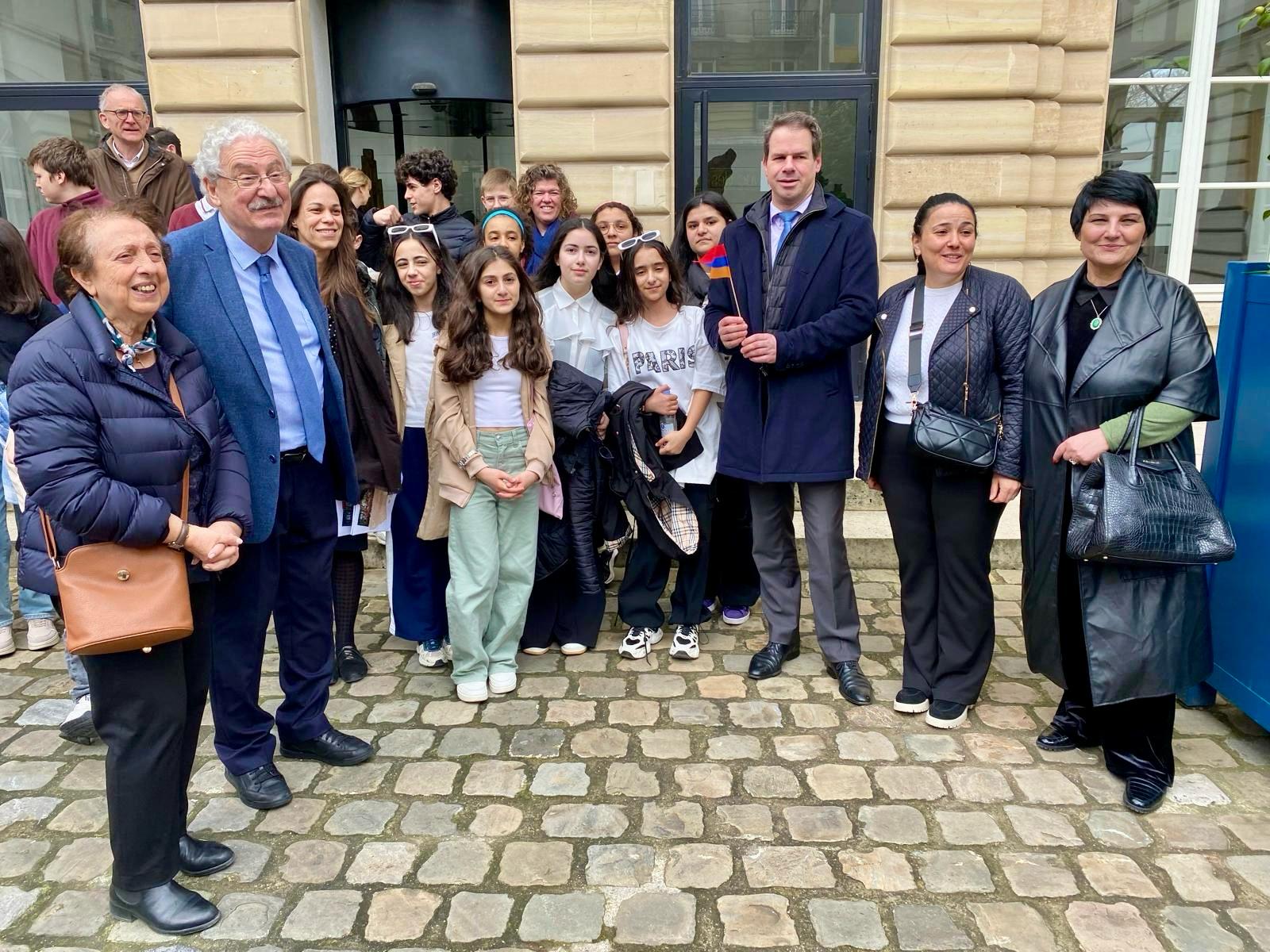 Issy les Moulineaux reçoit des élèves de Spitak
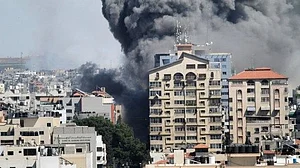 اسرائیل کی بمباری سےغزہ کے آٹھ لاکھ مکین پینے کے پانی سے محروم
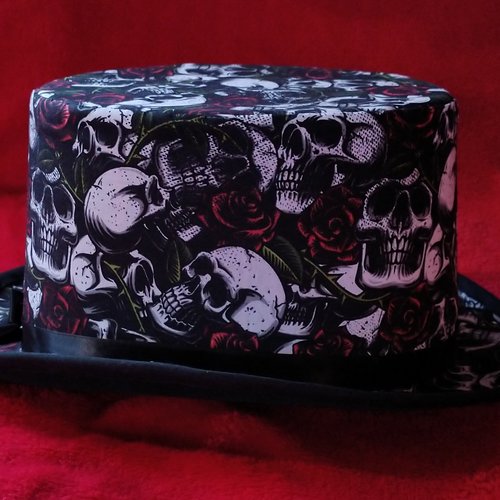 Top hat gothique crânes et roses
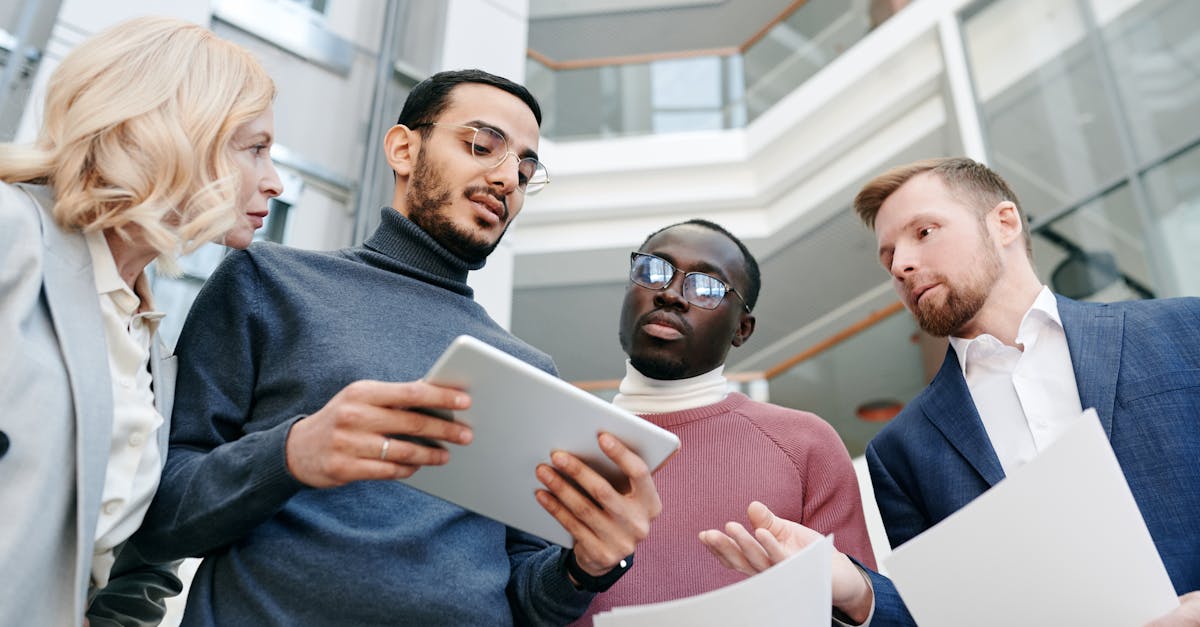 une holding company est une société qui détient et gère des participations dans d'autres entreprises, facilitant la gestion stratégique et financière de plusieurs filiales.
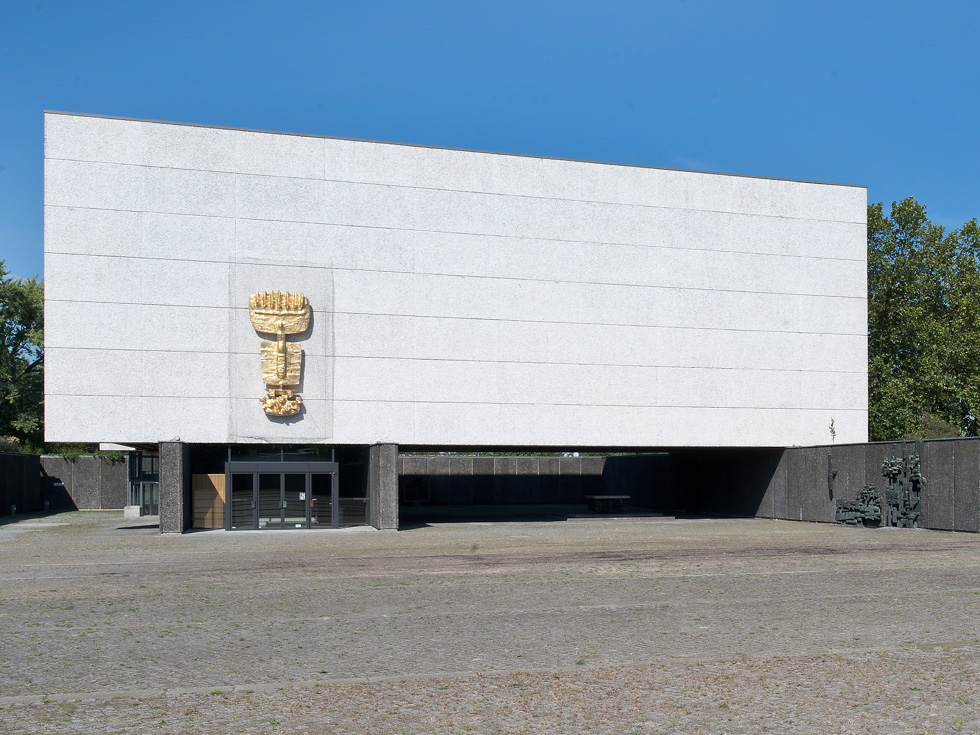 Kath. Maria-Regina-Martyrum-Kirche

__________________________________________________

Assignment:
Working from the line containing "اسرائیل کی بمباری" to the last line of the data, retype every line exactly, both ends included, and leave out all pictures.

Solution for this exercise:
 اسرائیل کی بمباری سےغزہ کے آٹھ لاکھ مکین پینے کے پانی سے محروم
 Top hat gothique crânes et roses
 une holding company est une société qui détient et gère des participations dans d'autres entreprises, facilitant la gestion stratégique et financière de plusieurs filiales.
 Kath. Maria-Regina-Martyrum-Kirche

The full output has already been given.